MegahurtZ · July 24, 2015, 9:35pm

I have been using ZFS for a while now and it has been amazing. I am just spit balling this here but it would be kinda cool to see a RAID controller card that uses ARM processor and laptop RAM to make a Hardware/Software hybrid. Probably not an easy feat especially with RAM requirements but it would be cool.

freqlabs · July 24, 2015, 10:04pm

that's basically how some raid cards work already.

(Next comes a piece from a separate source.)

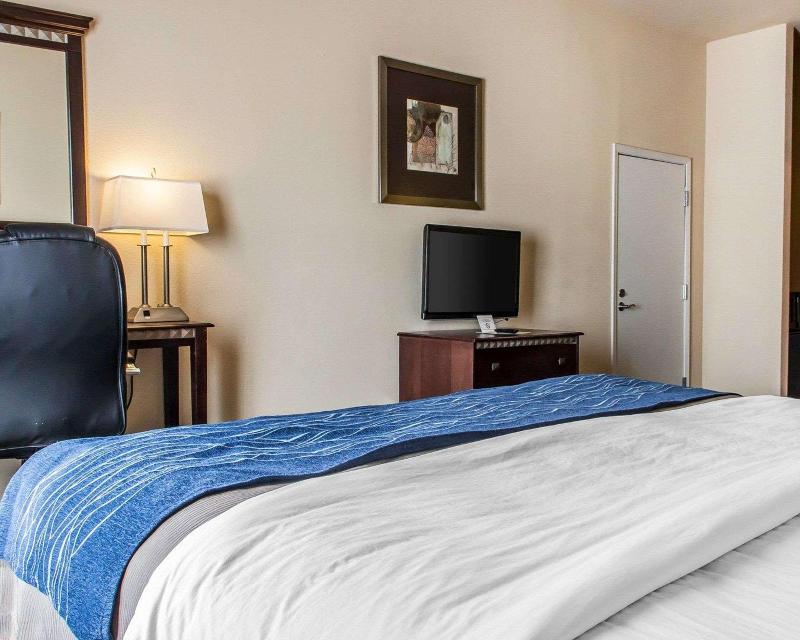 Comfort Inn & Suites image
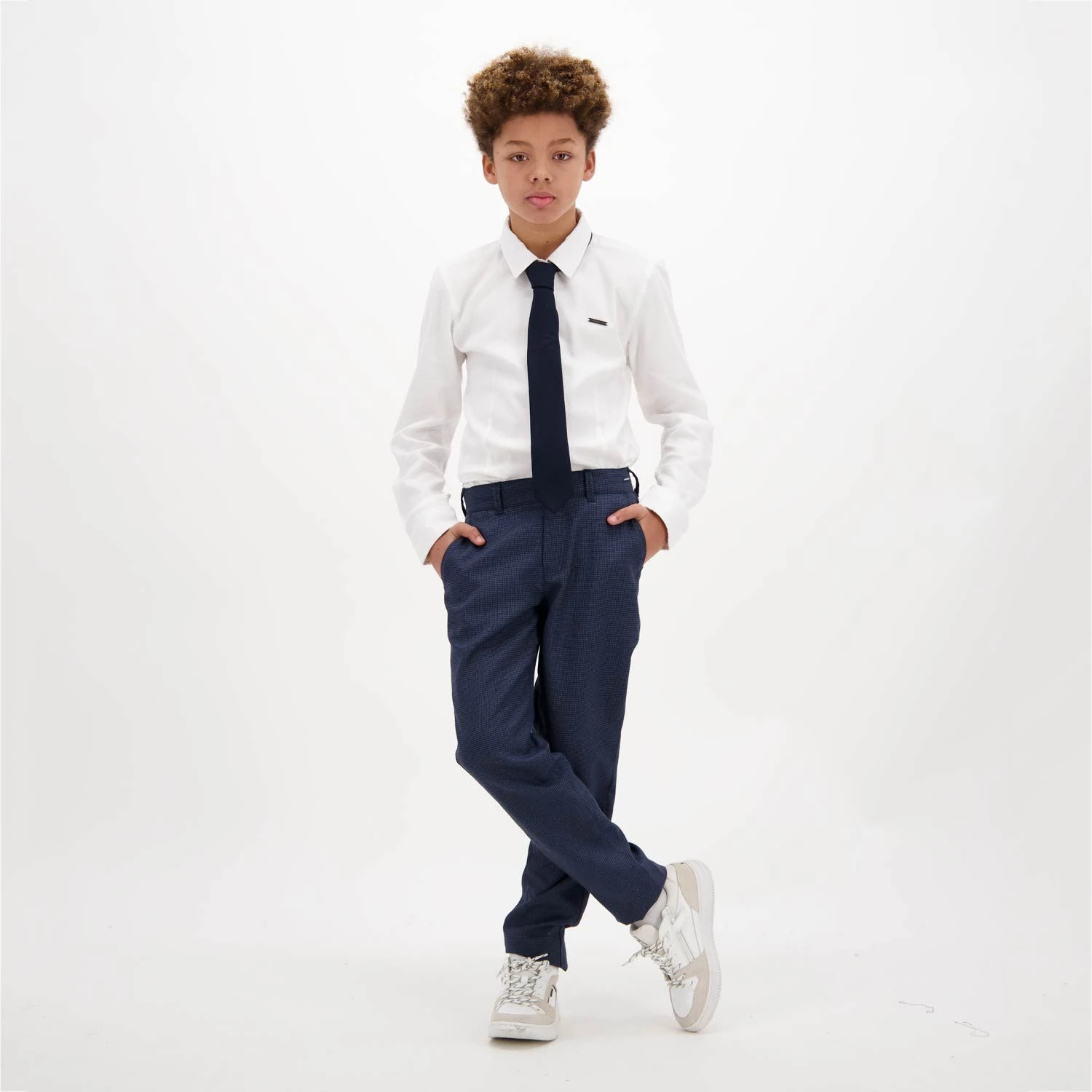 Vingino JUNGEN HOSE SALVINO – Bild 3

MegahurtZ · July 24, 2015, 10:09pm

not exactly, they use completely different data storage methods, and I am really liking how ZFS does it vs traditional RAID. There would be a couple big advantages to a Hardware RaidZ card. One there would be better performance for the host system, thats a given. And if done right then it would allow you to access the raid array from a windows install, which would be good for dual booted systems. And Three it would give greater plug and play compatibility with moving raid disks between machines without having to worry about manufacturer limitations.

freqlabs · July 24, 2015, 11:12pm

Oh you mean actually using ZFS? Well you are talking about a SAN basically then. And sure you can expose volumes as block devices like that for ie giving windows a ZFS-backed storage volume, but you are losing the filesystem part of ZFS that way, which is a shame. Definitely there are hardware SANs on the market that use ZFS internally though. They are a bit beefier than some pissant ARM chip and a few laptop RAM banks of course. :) I do like the idea of somehow embedding a ZFS SAN on a PCIe card, though the practical applications for that might be a bit limited.

Eden · July 25, 2015, 12:00am

Yeah.. maybe edit the link to your actual video... https://www.youtube.com/watch?v=ddrPnuvFV6E

I was so confused.

Eden · July 25, 2015, 12:02am

BTRFS does do this though.. im not sure of any others, apart from ZFS of course.